- **Data excerpt**:
= = = =

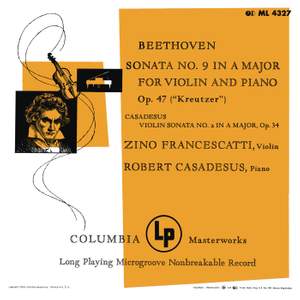 Beethoven & Casadesus: Violin Sonatas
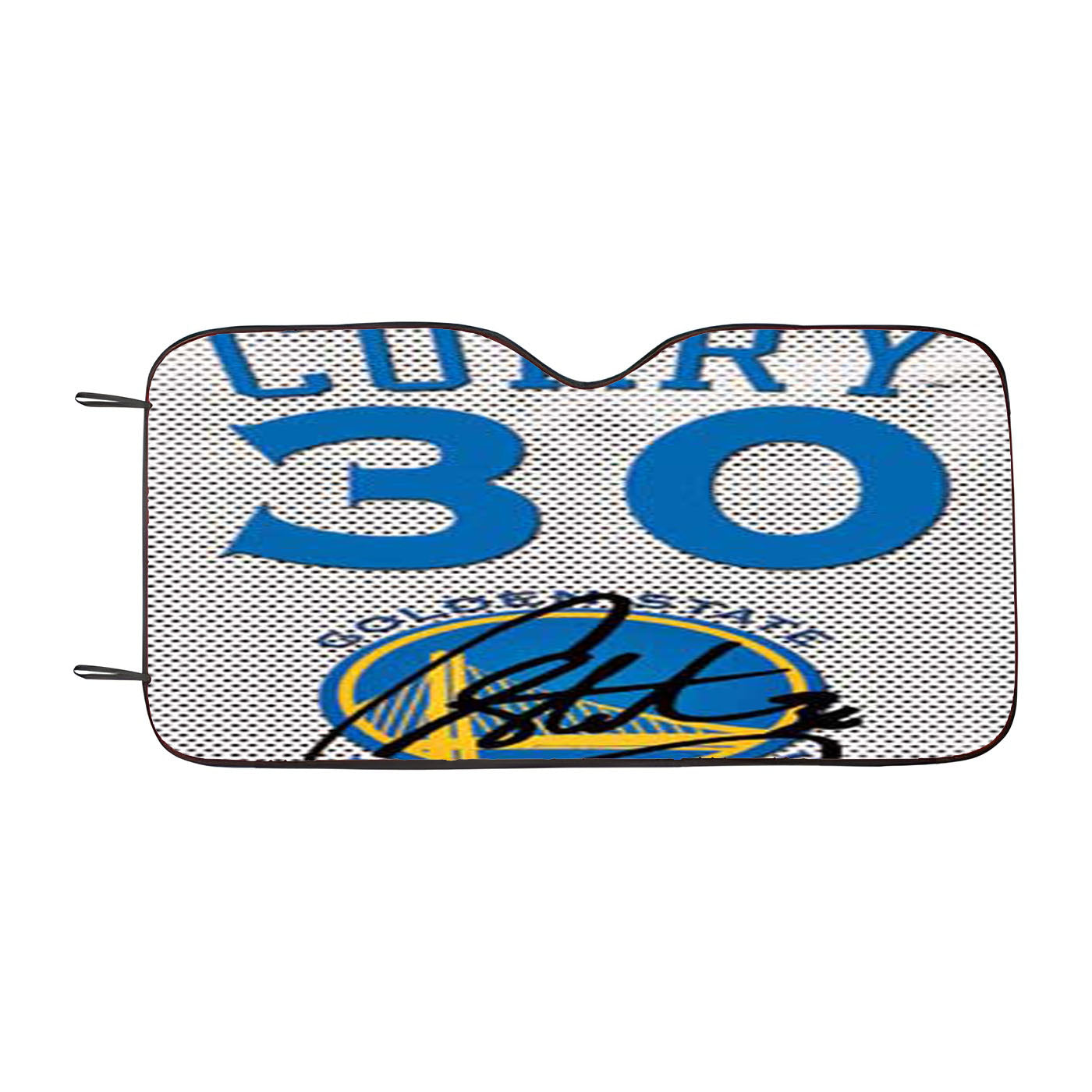 Gsw Stephen Curry Jersey Car Auto Sun Shade Windshield Cover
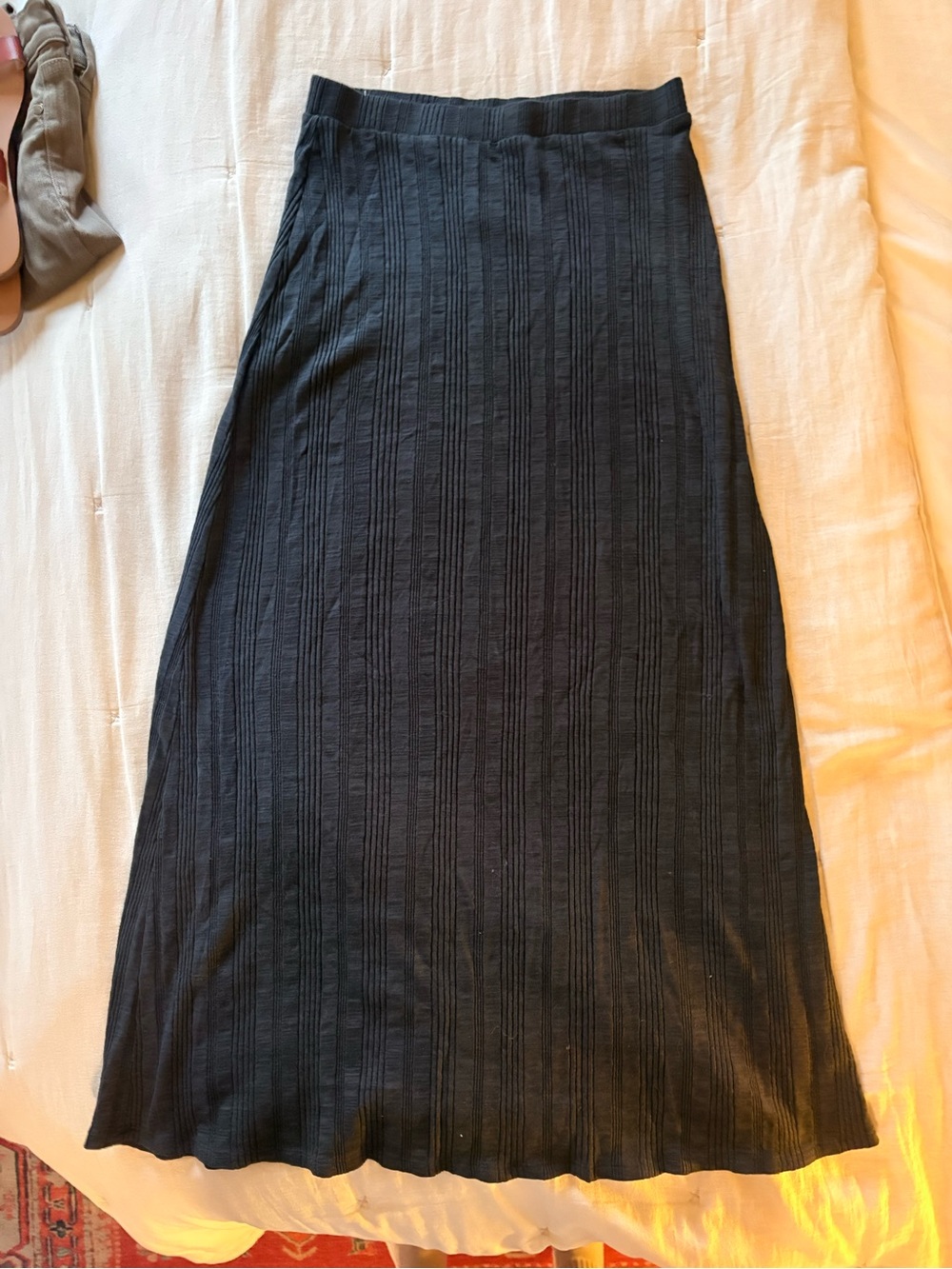 NWT! Dark grey knit maxi skirt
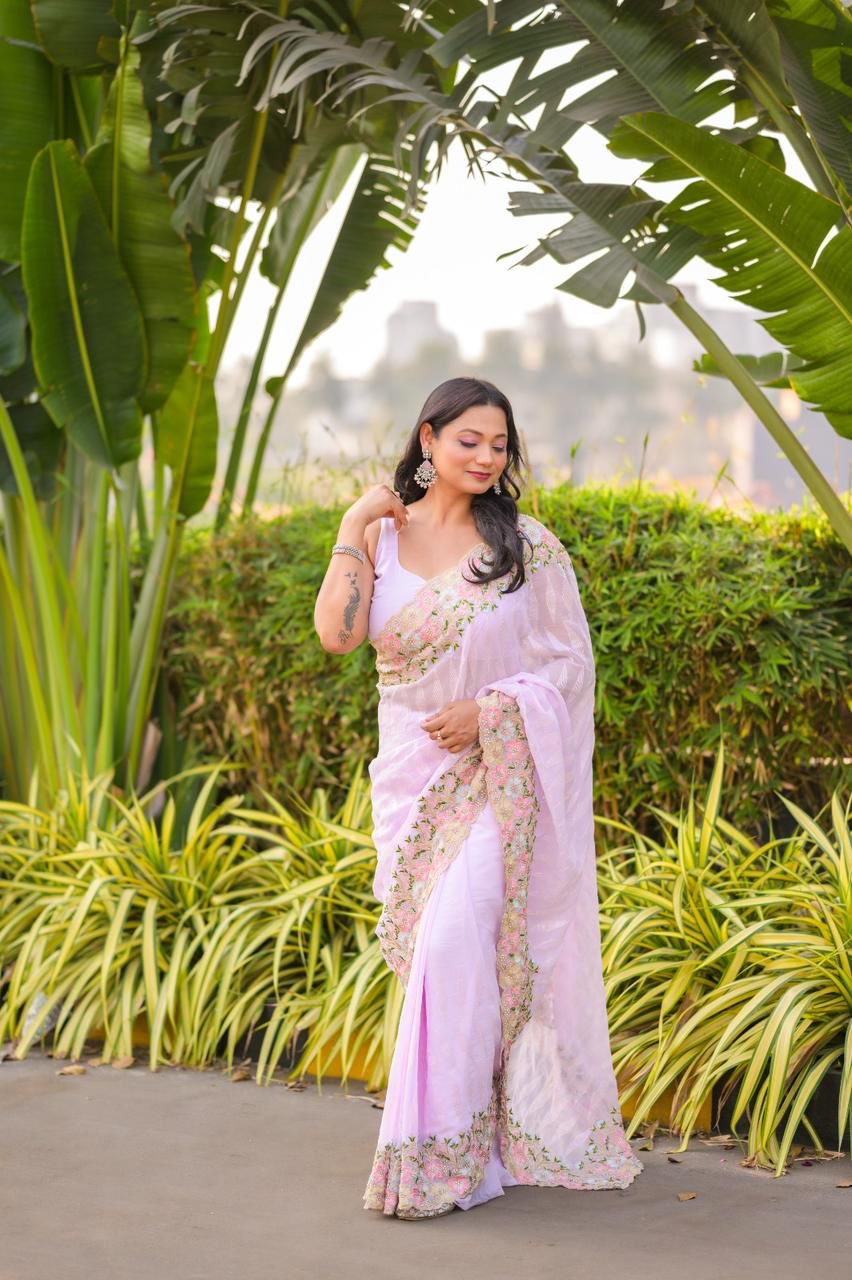 Bollywood Inspired beautiful Georgette saree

= = = =

- **Instructions to follow**: Please leave the images out and retype the rest of the material exactly.

- **Exercise result**:
 Beethoven & Casadesus: Violin Sonatas
 Gsw Stephen Curry Jersey Car Auto Sun Shade Windshield Cover
 NWT! Dark grey knit maxi skirt
 Bollywood Inspired beautiful Georgette saree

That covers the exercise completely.